Another spring flowering bulb I grow is the heirloom called snowflake, Leucojum aestivum. This adaptable bulb will grow in a good bit of shade and will even tolerate damp soil. Masses of white bells marked with green dots hang from clumps of rich green foliage. A robust grower it reaches 10-12inches tall and blooms for weeks, beginning in early spring. I use it in my woodland garden with ferns, hellebores and other spring blooming bulbs.

For bright color later in spring, I grow the hardy red amaryllis, Hippeastrum x johnsonii. In April and May beautiful red trumpets marked with white bloom atop sturdy stems 6 -8 inches high. The glossy green strap-like foliage is also attractive. In my garden I have planted this amaryllis in the same area with a purple leaf selection of the common smoke tree, Cotinus coggygria.
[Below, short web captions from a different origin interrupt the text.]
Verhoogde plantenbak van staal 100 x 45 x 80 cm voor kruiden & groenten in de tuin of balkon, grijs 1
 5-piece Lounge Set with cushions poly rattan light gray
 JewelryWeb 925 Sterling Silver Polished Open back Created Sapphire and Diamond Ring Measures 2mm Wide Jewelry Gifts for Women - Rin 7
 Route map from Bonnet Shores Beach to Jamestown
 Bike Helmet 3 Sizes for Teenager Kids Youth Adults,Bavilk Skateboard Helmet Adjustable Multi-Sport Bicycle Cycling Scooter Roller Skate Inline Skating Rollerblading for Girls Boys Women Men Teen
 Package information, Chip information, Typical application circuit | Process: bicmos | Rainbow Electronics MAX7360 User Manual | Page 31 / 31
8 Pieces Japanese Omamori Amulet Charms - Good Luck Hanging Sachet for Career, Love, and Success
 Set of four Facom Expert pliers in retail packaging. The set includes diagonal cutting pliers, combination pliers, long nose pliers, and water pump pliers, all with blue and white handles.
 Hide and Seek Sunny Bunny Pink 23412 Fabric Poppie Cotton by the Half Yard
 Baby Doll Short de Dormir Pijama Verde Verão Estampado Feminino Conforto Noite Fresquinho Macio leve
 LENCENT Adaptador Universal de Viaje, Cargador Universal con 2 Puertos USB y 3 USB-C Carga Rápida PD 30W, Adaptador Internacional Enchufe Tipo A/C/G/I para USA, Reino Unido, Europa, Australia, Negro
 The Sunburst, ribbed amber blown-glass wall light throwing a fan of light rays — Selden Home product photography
I also have other reds and orange colored perennials including daylilies, yarrow and verbenas.

Once the weather is warm enough I am thinking of adding the tropical Mandevilla ‘Sophia.’ With its glossy foliage and luminous red flowers it will fit right in with my other hot colored plants.

Two plants that I grow in containers please me for different reasons. Fragrant plants evoke memories and are bound to elicit comments even from nongardeners.

This is the case with Gardenia ‘Jubilation,’ perfect for a pot or a low hedge. I have mine near the front door so I can appreciate its perfume whether I’m coming home or headed out. With its shiny evergreen leaves it looks good even (during the rare periods) when it’s not blooming.

Another shrub that I grow in a decorative pot is the dwarf selection of pomegranate calledPunica granatum ‘Orange Blossom Special.’ Growing 2 to 3’ high and wide, it is a perfect choice for a container garden and a great way to bring the color orange into your landscape. During the growing season it seems as if it’s always in bloom. This past fall I added orange violas around the base of this pomegranate to create a color echo.

Helioptropium amplexicaule ‘Azure Skies’ is a native perennial that is perfect for hot sunny locations. Plant it as a groundcover, combine it with other heat loving perennials or let it trail over the edge of containers. Since it only grows 12 to 14” tall, it works well as a foil for taller plants.